As previously noted, the new renovation and addition of the foreign Buddha halls preceded the BRI and was officially designated to mark the symbolic importance of the ancient cultural relations between these countries and China. Yet, since the BRI was introduced, the state’s attention to the potential of the temple has grown. The foreign halls are not solely intended for Chinese Buddhists to learn about other Buddhist countries, but are also aimed at Chinese and foreign tourists. In 2017, Luoyang was designated as a pilot zone of the Henan Free Trade Zone (河南自贸区, Henan zimaoqu).

A plan for a China-Europe rail service was issued, emphasizing the strategic location of Luoyang on the Silk Road. Luoyang Airport was further expanded in 2021, adding routes from Japan, Thailand, and Vietnam for direct flights to the city. Furthermore, a comprehensive discussion on the future of Metro Line 1 aims to make it more accessible for international arrivals, with a direct metro line from the city centre to the temple (Guo 2019).

The profound significance of this temple for researchers delving into the realms of cultural heritage and tourism comes into full focus when placed within the sweeping vista of the broader tourism industry. Recent transformations echoing across South, Southeast, and East Asia have spearheaded a resounding resurgence: the dawn of Buddhist tourism. This cultural evolution entails a profound reimagining of the essence and importance of sites interwoven with the tapestry of Buddhism. Governments within these regions are embarking on a trajectory in which Buddhism’s embrace extends to encompass a tapestry woven with threads of nation-state ideologies, engendering an all-encompassing interpretation of this venerable tradition (Bruntz and Shedneck 2020, 1).
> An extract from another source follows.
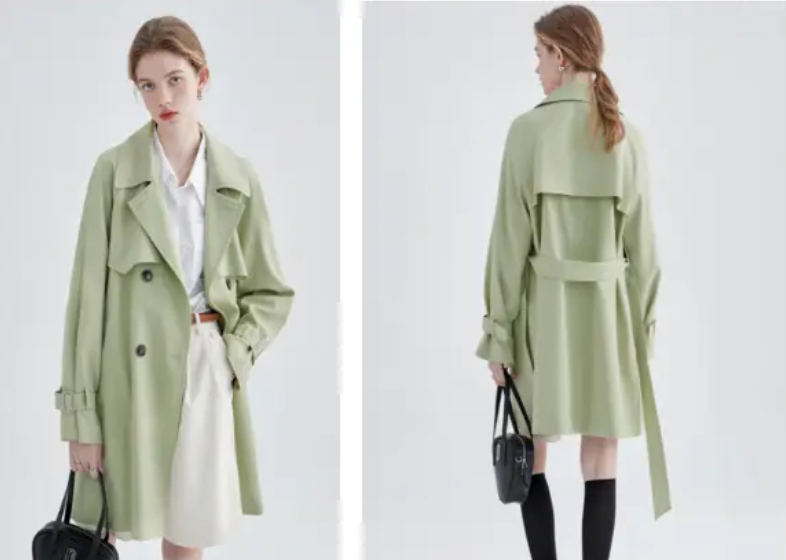 早秋风衣双排扣英伦风外套纸样-vv衣学院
Remarkably, White Horse Temple asserts an active presence within the sacred nexus of the religious economy that pulsates through the vibrant tapestry of the tourism sector (Wang 2018, 43). This participation is emblematic of its role as a cultural nexus, interwoven with the socio-economic fabric that shapes and sustains the multifaceted domain of tourism. Within this synergy, the temple not only preserves its historical and spiritual heritage, but also traverses a dynamic trajectory in fostering meaningful interactions between culture, heritage, and the intrepid footfalls of curious travellers. As I have explored above, scholars are grappling with the question of how White Horse Temple can leverage its “ancestral court” advantage, preserving its traditional and Buddhist essence, while simultaneously embracing a market-oriented approach in the context of the current economic era.
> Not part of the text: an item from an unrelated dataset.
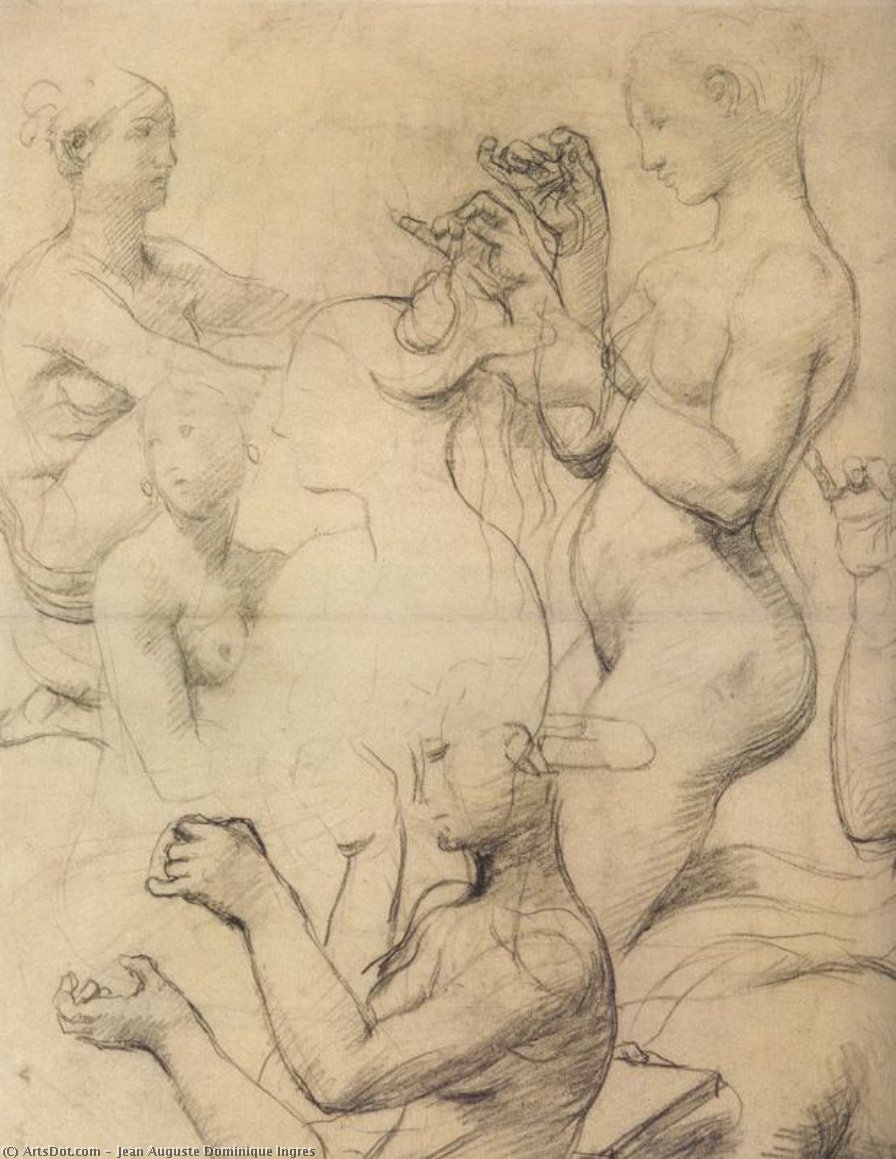 Studies Of Female Nudes — Jean-auguste-dominique Ingres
Additionally, I would contend that beyond the realms of tourism and preservation, other agendas have also influenced this process. The White Horse Temple’s new additions convey an explicit message. Namely, a connecting cultural line between Myanmar, Thailand, and India, and the PRC. This symbolic gesture of cultural ties appears in the official plans for the BRI. Buddhism, in this context, is portrayed as a shared Asian tradition among the PRC’s potential allies and, therefore, a fruitful cultural common ground which can also strengthen economic and political collaboration.

Aside from this explicit message, I would suggest that there is also an implicit message that should also be considered. The focus on Luoyang as the historical locus of the spread of Buddhism in China also stresses the role and centrality of China in spreading Buddhism across East and South Asia. The construction of these Thai, Myanmar, and Indian temples surrounding the first Chinese Buddhist temple within the territory of the PRC suggests a claim on Buddhism as a cultural and religious tradition. This message is part of a broader endeavour for the sinicization of Buddhism (佛教中国化进程, fojiao zhongguo hua jincheng), which has been underway in the PRC in recent years, in which China has begun to describe Buddhism as an “Ancient Chinese Religion” (Ranade 2017). The modern reconstruction of the temple resonates with the notion of China as the locus of Buddhism, despite recognizing India as the original birthplace of Buddhism. This is, in fact, an underlining message, a part of the soft power strategy, which is a part of the BRI mechanism, as I will explore in the following section.

Soft Power and Buddhism

In politics, soft power is the ability to co-opt rather than coerce (in contrast to hard power). Using soft power entails shaping the preferences of others (the public or individuals) through appeal and attraction. The currency of soft power includes culture, political values, and foreign policies. In the Chinese context, soft power aims to make the country positive and attractive as a nation. While this is largely acknowledged in foreign relations, this process is also aimed inwardly, namely at Chinese citizens and how they perceive their own country (Lai and Lu 2013, 17).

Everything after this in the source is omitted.